Since those early days, the code has undergone some important structural changes that have greatly simplified the development workflow. These changes were motivated by the realization that only a few bottlenecks exist in a typical calculation; by focusing on optimized C++ implementations of these bottlenecks and making these C++ functions available in Python, most of the code to implement the overall calculation can be written in simpler Python code. Python is far better suited to management tasks such as directory navigation and retrieval, making it a natural choice for overall calculation layout than C++. With the emergence of NumPy as a standard tool for executing almost any mathematical technique efficiently in Python, the transitioning of code from C++ to Python has facilitated a much simpler work flow for prototyping and developing methods: this is detailed in the next section.
Rapid initial development using Psi4NumPy¶
The Psi4NumPy project [Smith:2018:3504] is the recommended mechanism for developing and prototyping new methods in Psi4. Because NumPy provides such a rich set of features for efficient linear algebra, Fourier transforms, and general tensor manipulations, a massive number of methods can be easily implemented very easily using that library. To facilitate this workflow, PSI4 exports key quantities such as integrals, densities and molecular orbitals in NumPy format. From this point, the programmer can simply call the appropriate PSI4 functions to compute the desired input quantities, retrieve them in NumPy format, and then write the remaining code using standard Python and/or NumPy syntax. This approach does not require any recompilation of code, resulting in a particularly facile development workflow. Detailed examples and tutorials are available in the Psi4NumPy repository.
Avoiding the need to modify Psi4, using plugins¶
In the early days when PSI4 was still primarily a C++ code, development was very cumbersome due to a lengthy build process. To expedite development, a plugin system was developed. This plugin machinery allows developers to access the classes defined in the innards of PSI4, with only the small plugin code requiring recompilation during development. The resulting lightweight code can be maintained and distributed independently of PSI4, making this a good strategy for development, especially in cases where tighter integration of the new code with existing PSI4 machinery is required than that afforded by the Numpy based strategy outlined in the Rapid initial development using Psi4NumPy section. For details about how to write these plugins, see the Creating New Plugins section.
Incorporating code into PSI4¶
For features to be incorporated fully into the PSI4 ecosystem, changes to the core routines are inevitable. However, the programmer should think very carefully about the most appropriate language for the task in hand. Let’s consider a new feature that downloads some data from an external source and then performs some kind of expensive matrix operation on those data. Because Python has a rich set of tools for obtaining data from external sources, writing this tool in the Python layer is a natural choice.
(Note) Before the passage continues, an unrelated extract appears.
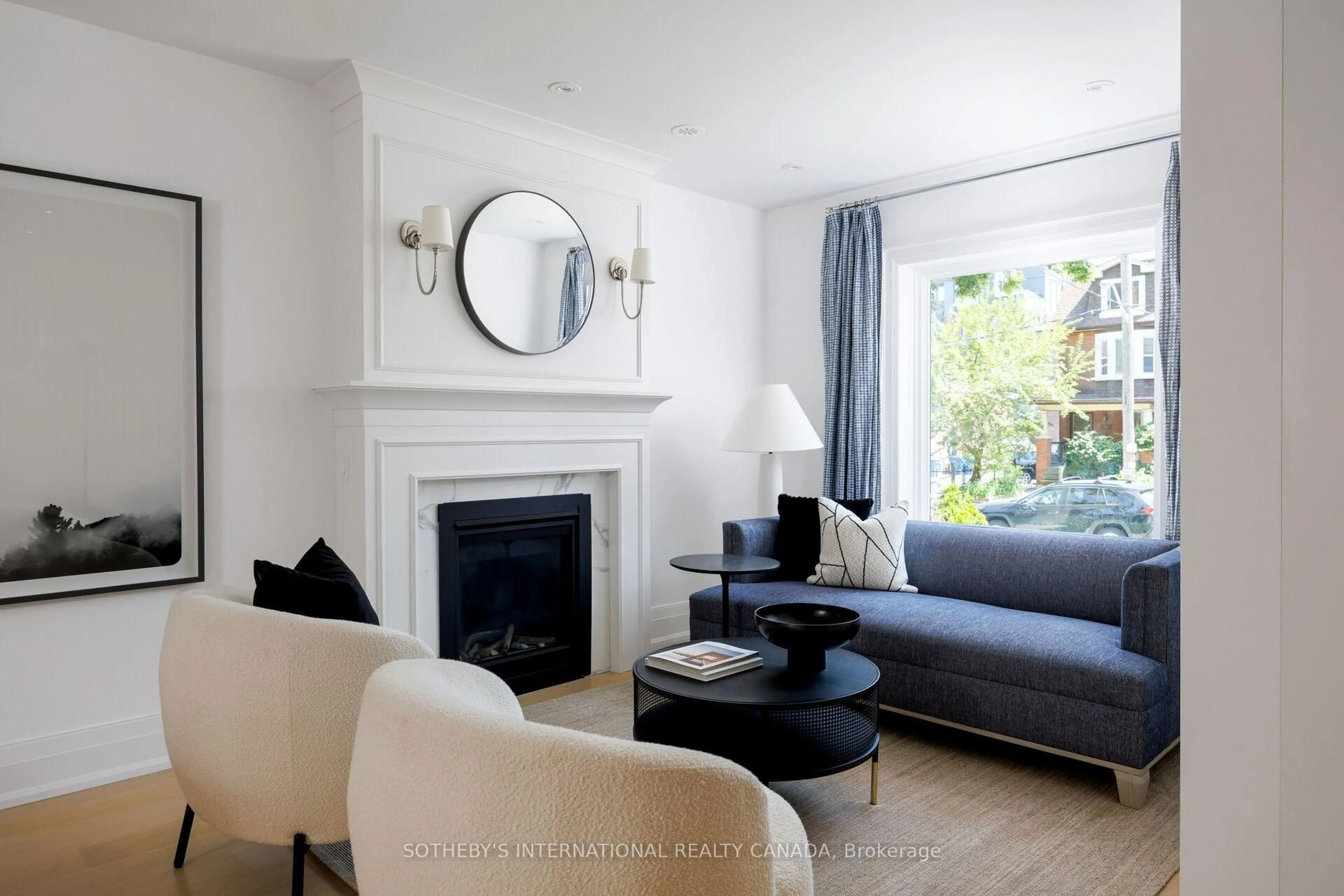 Living room with furniture, wood/laminate floor for 12 Hewitt Ave, Toronto Ontario M6R 1Y3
If we know that the matrix will always be small enough to fit in memory, we can simply rely on the routines present in NumPy to do the heavy lifting and the code is easy to implement entirely in the Python layer. In the case where the matrix operation is non-standard and requires some specialized code to handle disk-based storage, the decision to write in Python is less clear cut. It is certainly possible to write these out-of-core routines using Numpy primitives, but there are a number of tools in PSI4 already to perform tasks like these that are required, e.g., for cluster. In this case, a good design would be to write a simple piece of code in the C++ layer that performs the matrix operation on a given input, using the I/O routines available in PSI4 and the parallelism afforded by OpenMP, and to make that code available to the front end as described in Exposing C++ code to Python. The Python layer could then be responsible for obtaining the input data and calling this C++ code to do the manipulations, allowing each language layer to handle the subset of the work that caters to their individual strengths.
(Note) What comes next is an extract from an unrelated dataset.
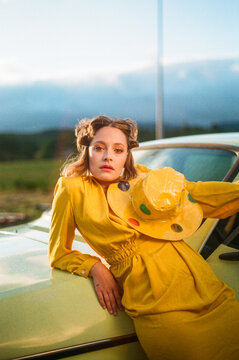 Portrait of a girl dessing in yellow vintage clothes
A number of concrete examples of this workflow exist in the code already. For finite difference computations of energy derivatives, the logic to determine the type of stencil and which displacements are needed is not going to be rate limiting for any reasonable quantum mechanical energy function. Therefore, doing that work in the Python layer is a good idea, as it allows the many Python tools for farming out embarrassingly parallel workloads to be used, while the C++ layer can be used to implement the energy function to be differentiated.
In SCF, we have a number of sources of external embedding potentials that could enter the calculation. Allowing Python to handle only the details of driving the SCF iterations, such as external potentials and convergence acceleration methods, but deferring to C++ to do the heavy lifting for building and diagonalizing the Fock matrix also takes advantage of the two languages’ strengths and improves maintainability of the code.